Beginning with the line that holds "Private Basement w/Shower furnished", write out each line exactly as it stands until the end of the data, and include no pictures.

--- --- ---

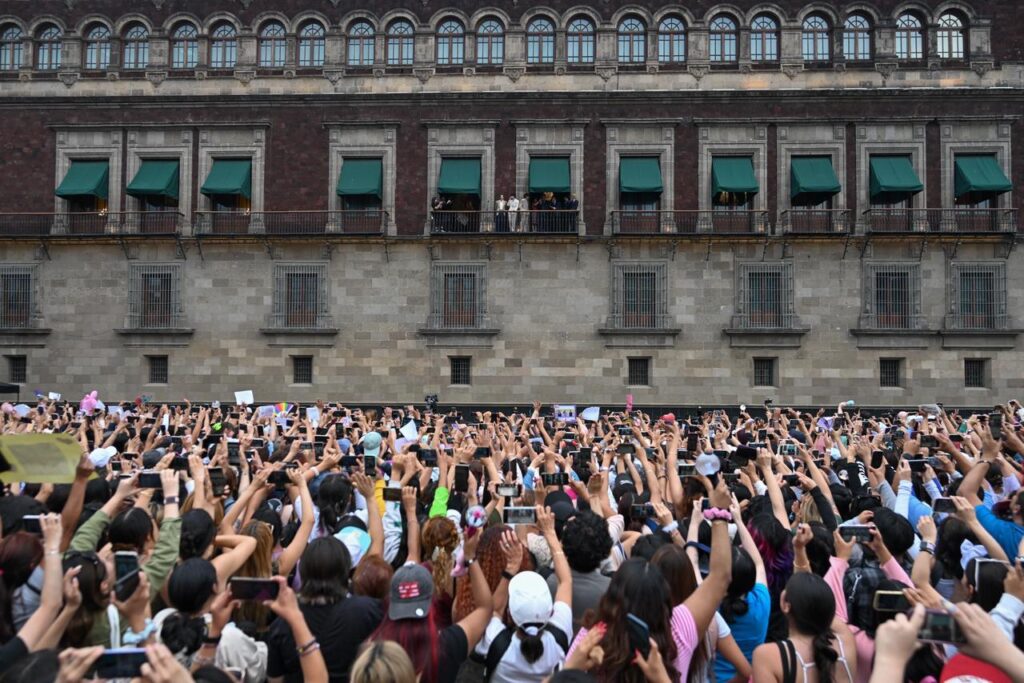 https://marvin.com.mx/bts-en-mexico-palacio-nacional-politica-kpop/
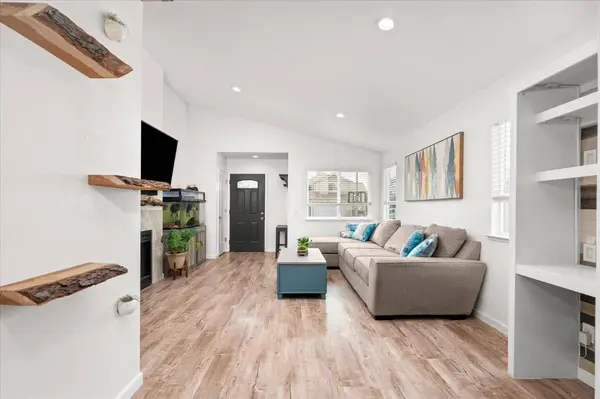 4937 Juniper Hill PL, Antelope, CA 95843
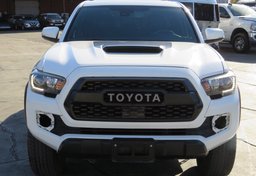 2019 Toyota Tacoma 4WD - Image 11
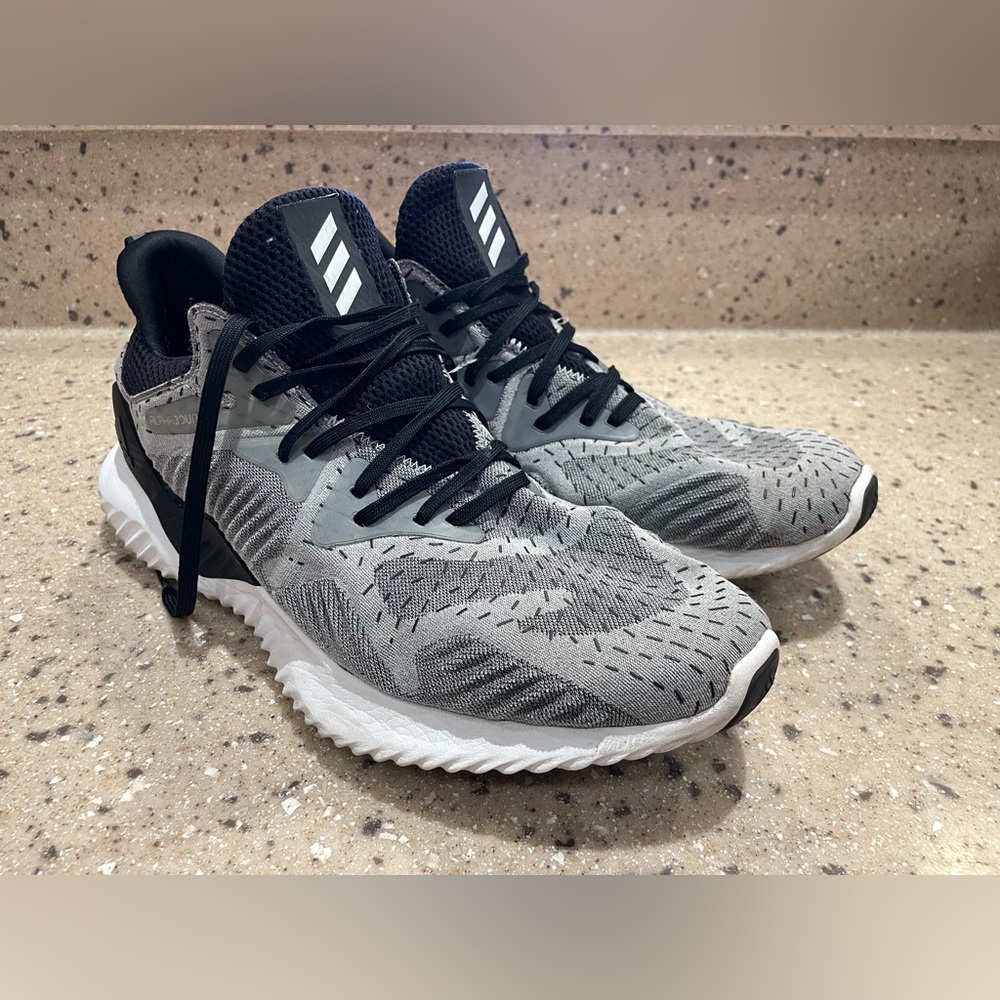 Adidas Alphabounce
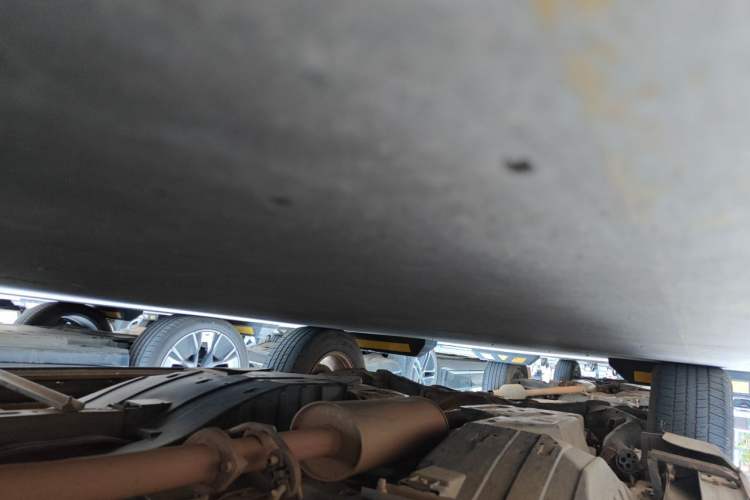 Used Haval H6 2011 2.0L Manual Two-Wheel Drive Elite Version Chassis Front Right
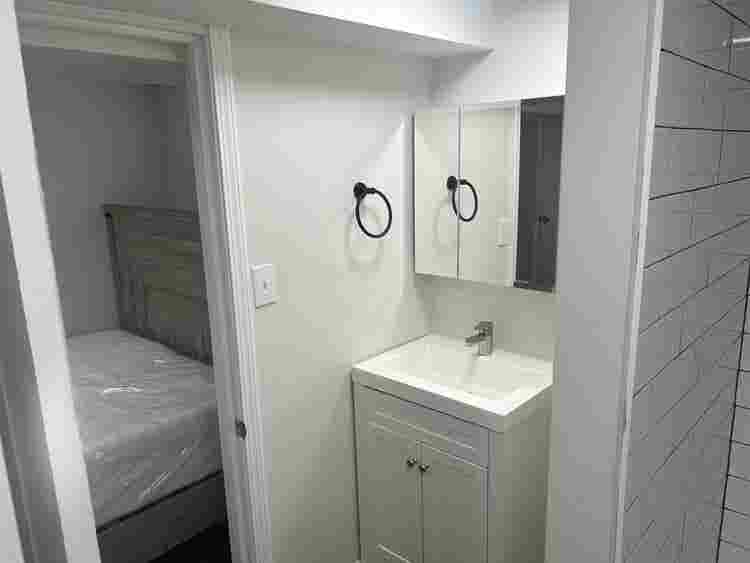 Private Basement w/Shower furnished
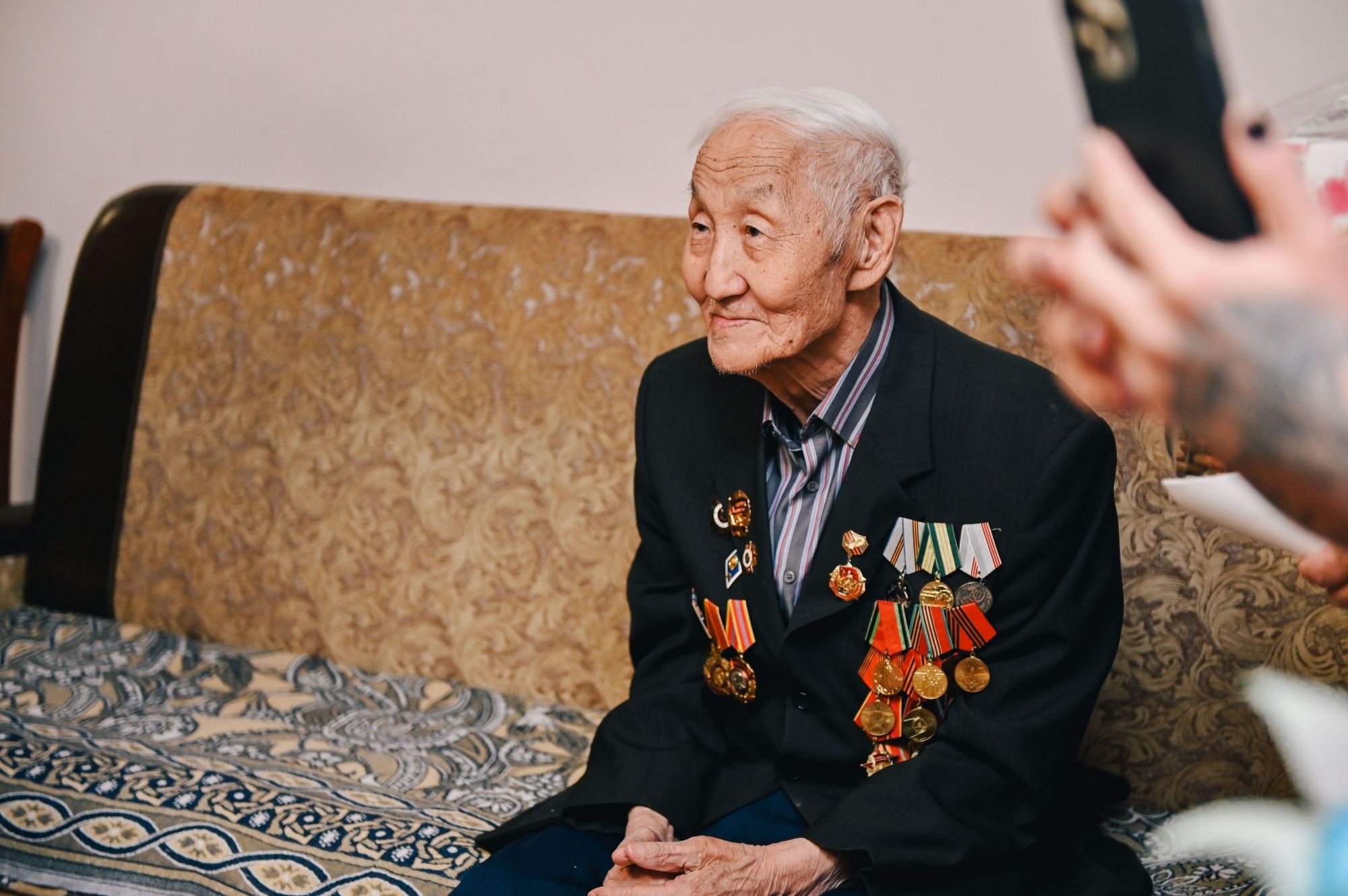 Фото Глава Бурятии навестил и поздравил с Днем Победы 96-летнего ветерана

--- --- ---

■ WRITTEN RESPONSE ■
 Private Basement w/Shower furnished
 Фото Глава Бурятии навестил и поздравил с Днем Победы 96-летнего ветерана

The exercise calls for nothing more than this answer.